Long-chain n-3 fatty acid intake in Colombia is low because fish consumption is limited. Vegetable oils with high n-3 fatty acid content are recommended, but their concentrations of trans fats were high in previous studies. Thus, regular monitoring of the fatty acid composition of vegetable oils is required. Our objective was to quantify the fatty acid composition in commercially available oils in Bogota, Colombia and determine if composition changed from 2008 to 2013.
Cross-sectional study. We obtained samples of all commercially available oils reported in a survey of low- and middle-income families with a child participating in the Bogota School Children Cohort.
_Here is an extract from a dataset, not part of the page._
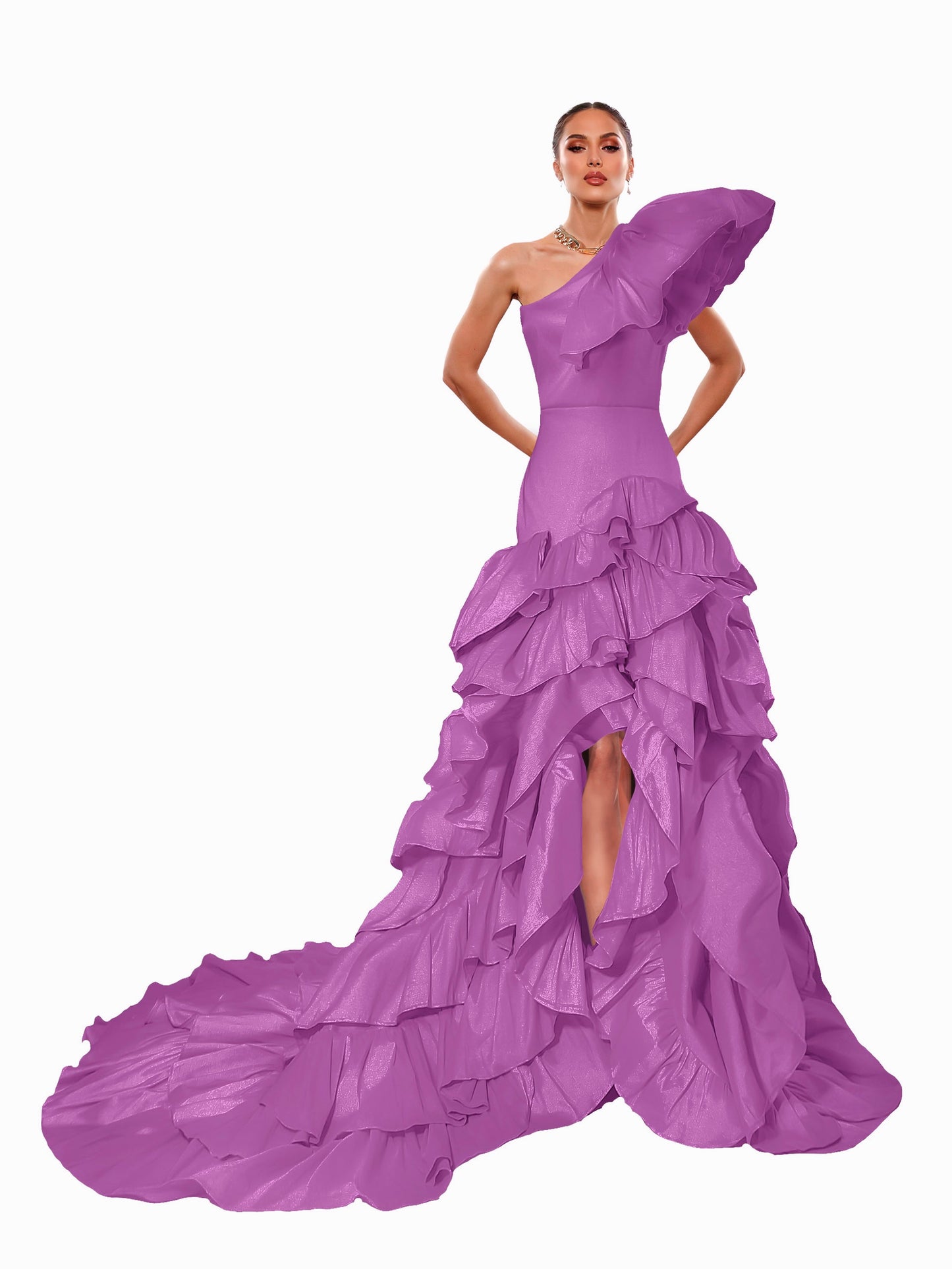 Marigold Sea Of Ruffles Gown - Mologoko Couture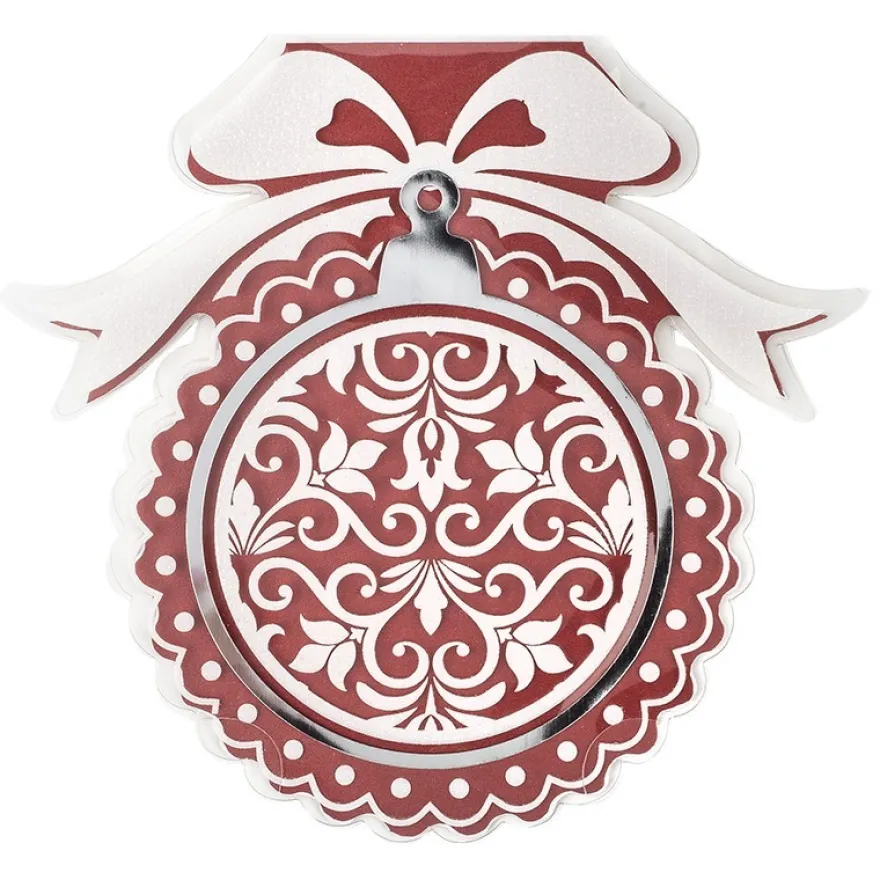 Kristallfolien-Grußkarten, Christbaumkugel, 15 x 16cm, Einleger 5 versch. Farben, Umschläge, 10 Stk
Sunflower oil had the highest trans-fatty acid content (2·18 %). Canola oil had the lowest proportion of trans-fatty acids (0·40 %) and the highest n-3 fatty acid content (9·37 %). In terms of percentage reduction from 2008 to 2013 in 18:1 and 18:2 trans-fatty acids, canola oil had 89 % and 65 % reduction, mixed oils had 44 % and 48 % reduction, and sunflower oil had 25 % and 51 % reduction, respectively. Soyabean oil became widely available in 2013.
The content of trans-fatty acids decreased in all oils from 2008 to 2013, suggesting a voluntary reduction by industry. We believe that regular monitoring of the fatty acid composition of oils is warranted.